### Task to complete:
A word-for-word copy of the lines below, starting at the line with "Elenova Nakış İşlemeli Transparan Bluz" and ending at the last one, is what you should give. Omit every picture.

=== Begin Enclosure ===

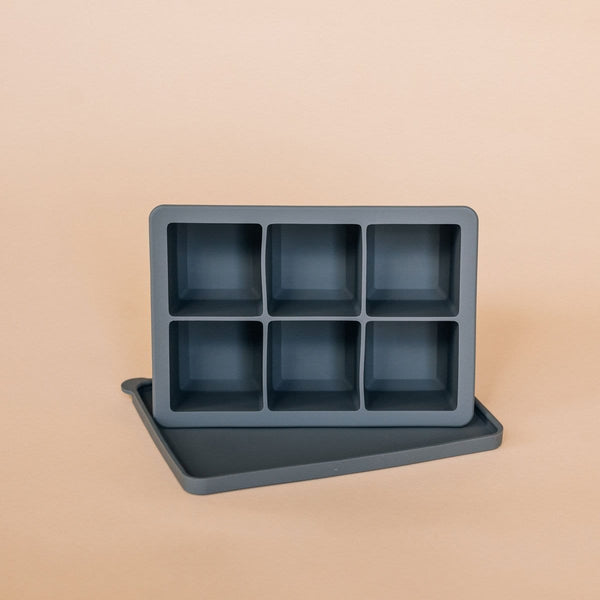 https://cocktailcommons.com/cdn/shop/products/Ice-Tray-3_600x.jpg?v=1626663671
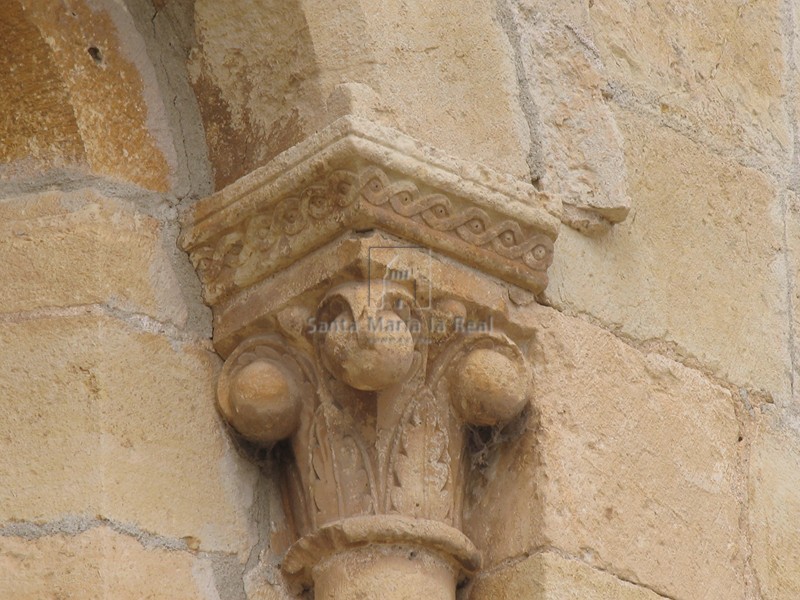 Capitel de columna de ventana del ábside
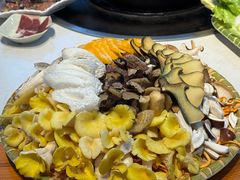 菌菇拼盘-一朵菌·野生菌探索家火锅(南亚店)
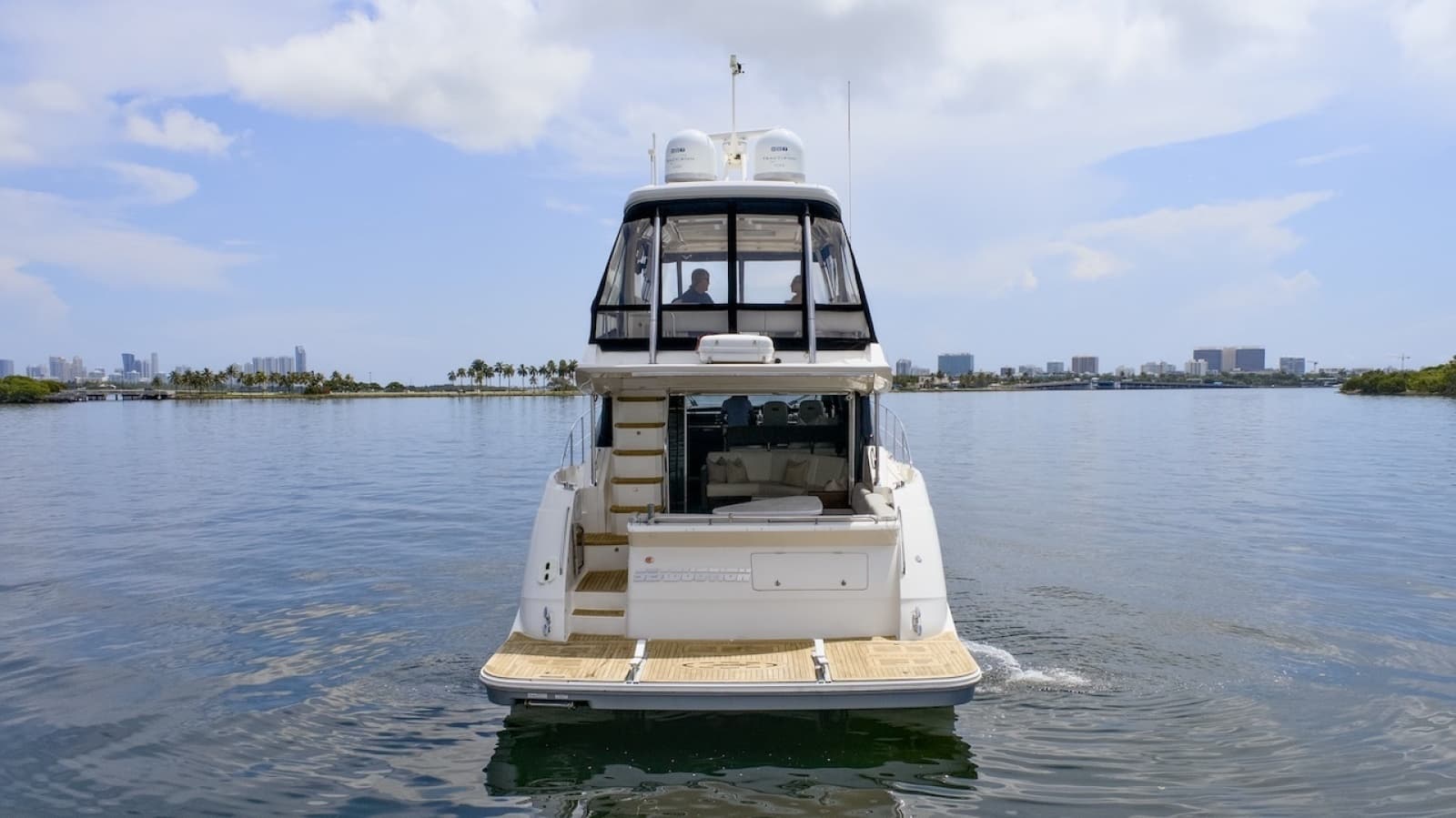 2017 Sea Ray L590 Flybridge - Photo 9
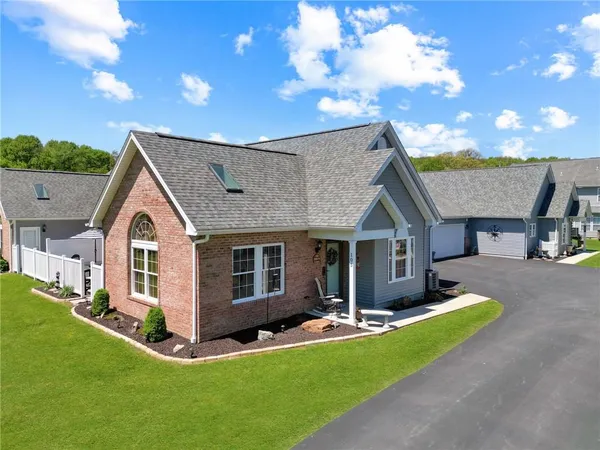 $329,900 | 105 White Fox Court, Ellwood City, PA 16117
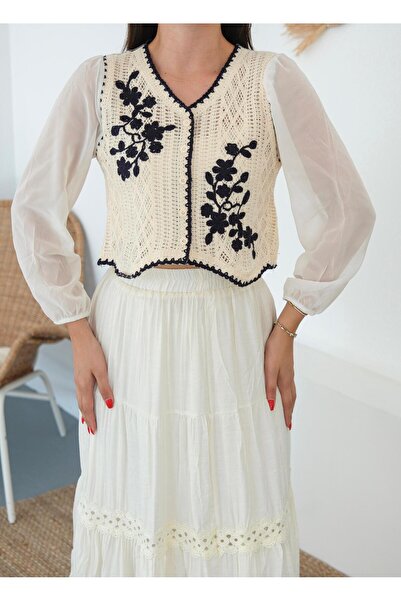 Elenova Nakış İşlemeli Transparan Bluz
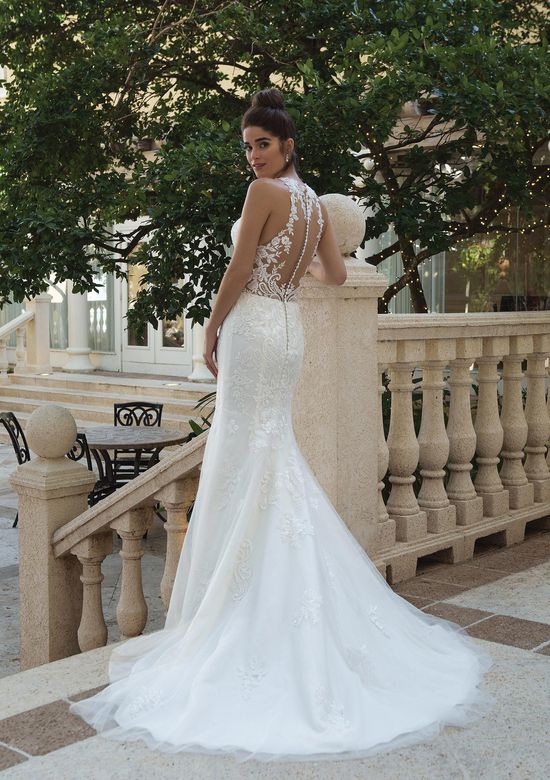 Jeweled Neckline Wedding Dress Unique Style Jewel Illusion Collared Gown with Embroidered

=== End Enclosure ===

### Output for this exercise:
 Elenova Nakış İşlemeli Transparan Bluz
 Jeweled Neckline Wedding Dress Unique Style Jewel Illusion Collared Gown with Embroidered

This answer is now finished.